Statements¶

Statements let you run SQL commands at specific points during model execution. You can run code before your query, after it completes, or when views are created.

Why use statements? They're perfect for:

Setting session parameters (timeouts, memory limits)
Loading UDFs or creating temporary tables
Creating indexes or clustering
Running data quality checks
Logging anomalies or errors
Granting permissions on views

You can define statements at the model level (for specific needs) or at the project level via model_defaults (for consistent behavior across all models).

Statement types:

Pre-statements: Run before the main model query executes
Post-statements: Run after the main model query completes
On-virtual-update statements: Run when views are created or updated in the virtual layer

Concurrency Considerations

Pre-statements should generally only prepare the main query. Avoid creating or altering physical tables in pre-statements, if multiple models run concurrently, you could get race conditions or unpredictable behavior. Stick to session settings, UDFs, and temporary objects.

Model Defaults¶

You can define statements at the project level using model_defaults in your configuration. Use this for setting up common behavior across all models, like session timeouts or default permissions.

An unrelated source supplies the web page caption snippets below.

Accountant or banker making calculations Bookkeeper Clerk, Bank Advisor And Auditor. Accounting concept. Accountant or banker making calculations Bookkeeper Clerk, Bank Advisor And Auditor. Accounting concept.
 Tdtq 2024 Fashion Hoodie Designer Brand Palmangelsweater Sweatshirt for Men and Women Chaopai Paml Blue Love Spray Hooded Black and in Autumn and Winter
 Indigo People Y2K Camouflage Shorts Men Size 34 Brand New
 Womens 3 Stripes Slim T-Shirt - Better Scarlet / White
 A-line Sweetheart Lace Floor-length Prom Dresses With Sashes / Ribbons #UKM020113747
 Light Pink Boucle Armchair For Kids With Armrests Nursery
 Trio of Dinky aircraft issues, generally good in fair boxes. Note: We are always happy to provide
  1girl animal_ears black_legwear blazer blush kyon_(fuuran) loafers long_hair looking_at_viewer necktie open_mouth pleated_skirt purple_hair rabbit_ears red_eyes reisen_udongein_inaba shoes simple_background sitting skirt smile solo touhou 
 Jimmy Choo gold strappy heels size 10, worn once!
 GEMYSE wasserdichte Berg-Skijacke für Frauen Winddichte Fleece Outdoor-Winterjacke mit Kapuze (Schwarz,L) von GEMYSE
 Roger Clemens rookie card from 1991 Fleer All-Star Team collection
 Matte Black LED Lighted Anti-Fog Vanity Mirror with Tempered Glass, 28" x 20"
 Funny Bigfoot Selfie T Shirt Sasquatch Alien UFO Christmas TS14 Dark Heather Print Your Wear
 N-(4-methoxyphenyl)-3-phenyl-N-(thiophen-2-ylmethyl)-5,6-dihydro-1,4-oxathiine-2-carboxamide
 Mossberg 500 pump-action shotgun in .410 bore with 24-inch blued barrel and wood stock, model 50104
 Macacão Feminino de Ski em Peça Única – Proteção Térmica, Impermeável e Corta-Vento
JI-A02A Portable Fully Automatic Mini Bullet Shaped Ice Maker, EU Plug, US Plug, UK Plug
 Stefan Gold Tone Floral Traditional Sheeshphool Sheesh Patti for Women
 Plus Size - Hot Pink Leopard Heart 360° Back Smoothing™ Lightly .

How it works: Default statements run first, then model-specific statements. So if you set a default timeout in model_defaults and a model-specific timeout in a model, the model-specific one runs after (and can override the default).

YAMLPython

model_defaults:
  dialect: snowflake
  pre_statements:
    - "SET query_timeout = 300000"
  post_statements:
    - "@IF(@runtime_stage = 'evaluating', ANALYZE @this_model)"
  on_virtual_update:
    - "GRANT SELECT ON @this_model TO ROLE analyst_role"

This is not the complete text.